11 October 2009
Recipe for Roast Pork With Apple Sauce
It's that harvesting time of the year, with the trees turning a golden brown and the fruit fulsome on the trees. I picked an armful of windfalls from our garden and took them inside to make apple sauce to have a with a delicious joint of pork that we had. The joint was delicious - slow roasted with roast potatoes, home-made apple sauce and carrots with broad beans. This is how I made it.
Ingredients
1.4kg free range pork with thick covering of skin & fat
6 decent sized cooking apples
1tbsp orange juice
3 - 5tbsp Fairtrade caster sugar, to taste
To prepare the pork joint, score through the skin but not all the way through the fat, say about 0.5cm. Then repeat this every 0.5cm across the skin. Next rub 2 teaspoons of sunflower oil over the surface and liberally sprinkling it with sea salt; massage the sea salt into the skin and set aside.

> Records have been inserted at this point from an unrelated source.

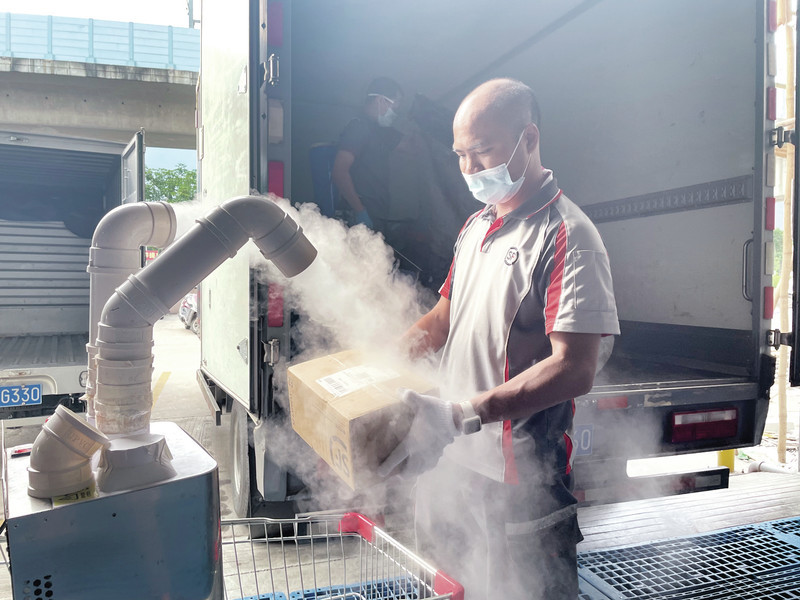 顺丰肇庆星湖肇庆大道速运营业点快递员正在消毒包裹。 顺丰肇庆星湖肇庆大道速运营业点快递员正在消毒包裹。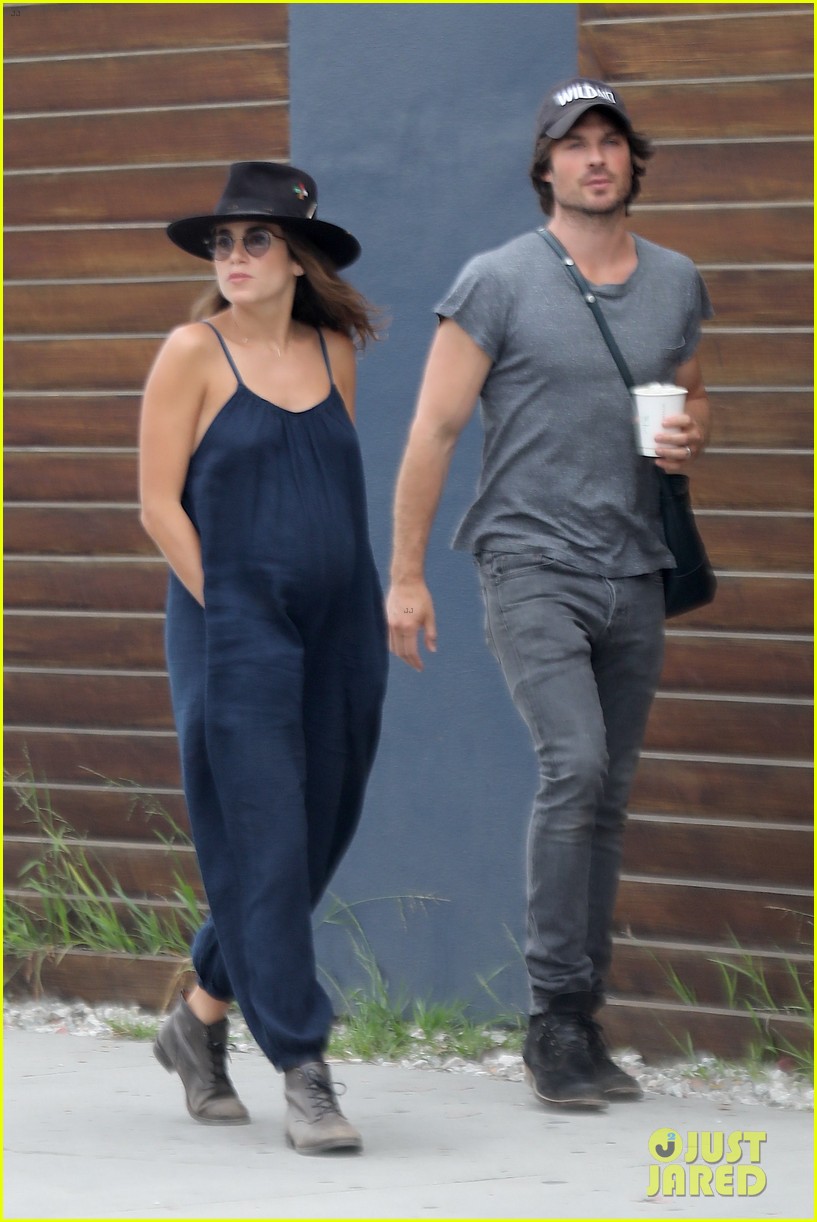 ian somerhalder pregnant nikki reed go for a lunch date 28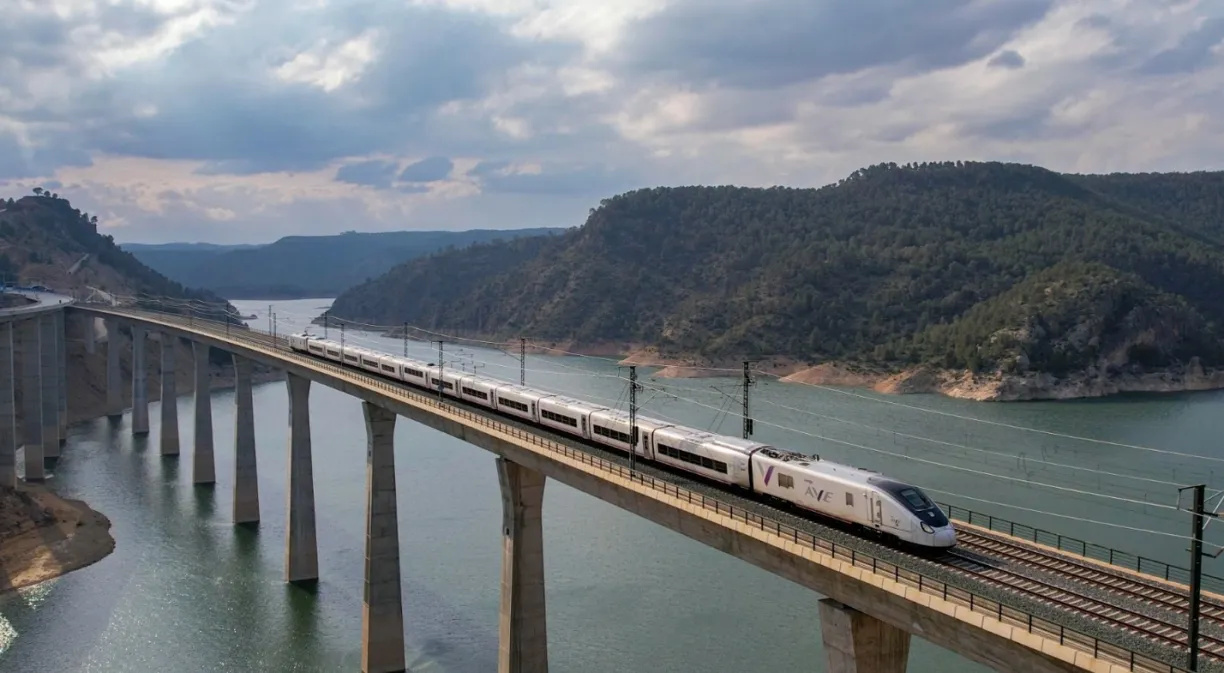 Renfe amplía su red de desfibriladores conectados con tecnología IoT de Telefónica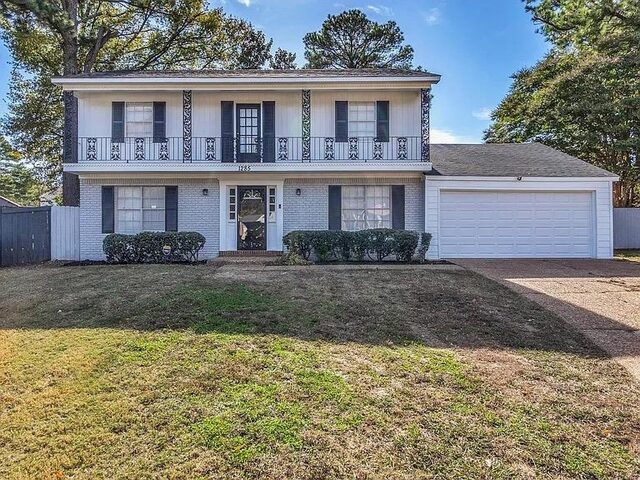 1285 Hickory Wood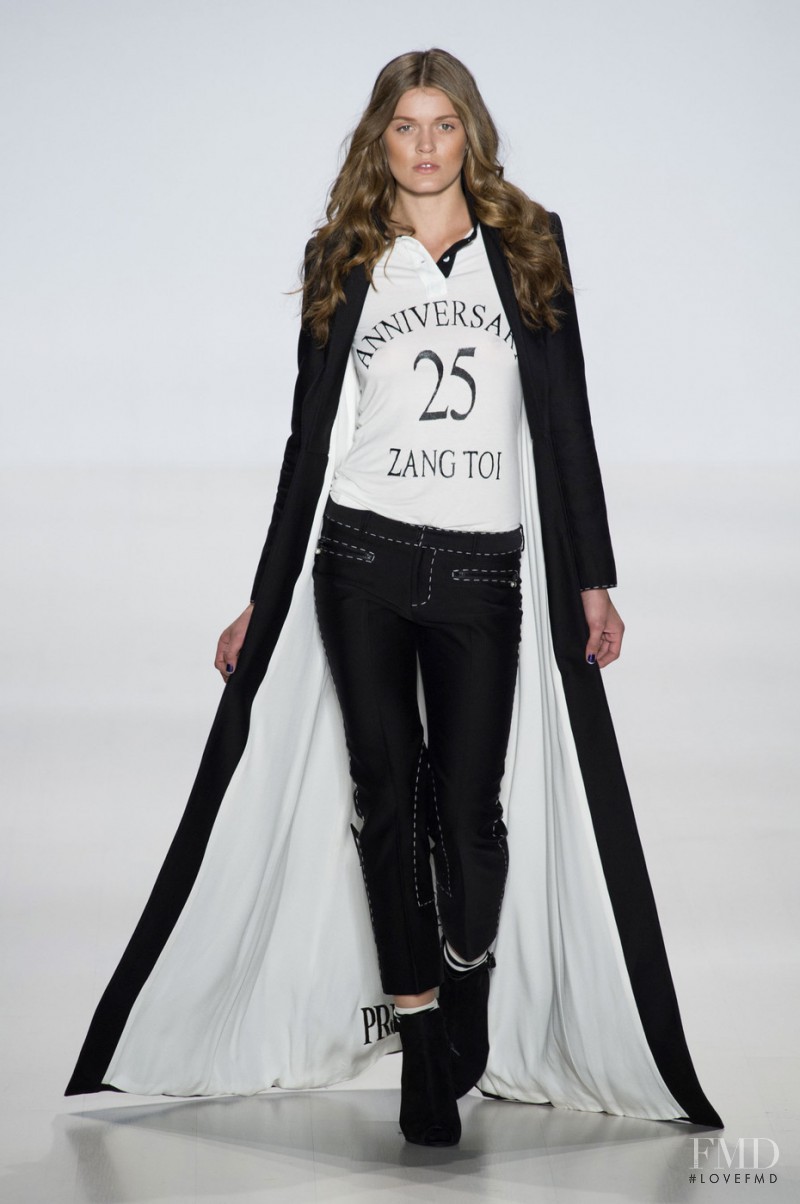 Zang Toi fashion show for Spring/Summer 2015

I follow the method that Sophie Grigson used in her fabulous book "Meat" which says that you cook at 180oC for 30 minutes per 500g plus an extra 20-30 minutes at the end for safety. This should cook the joint perfectly and give you a good crunchy crackling; it certainly works for us, but the key is the skin & fat on the outside and how you prepare it.
As for the apple sauce, I peeled, sliced & diced these and bunged all of the ingredients into a heavy pan with a lid on. I cooked this at a low-medium heat for 20 minutes. I took out the cinnamon quills, then pulsed the apples to a fine sauce and served this cold.
I served all of this with roast potatoes and the vegetables.
You should buy the best quality pork you can find, as the classic supermarket meat is tastless and full of water. Free range or rare breed adds a lot of flavour that seems to be missing from the bland kit that the big shops sell. Try your local farm shop or a mini-multiple like Booths.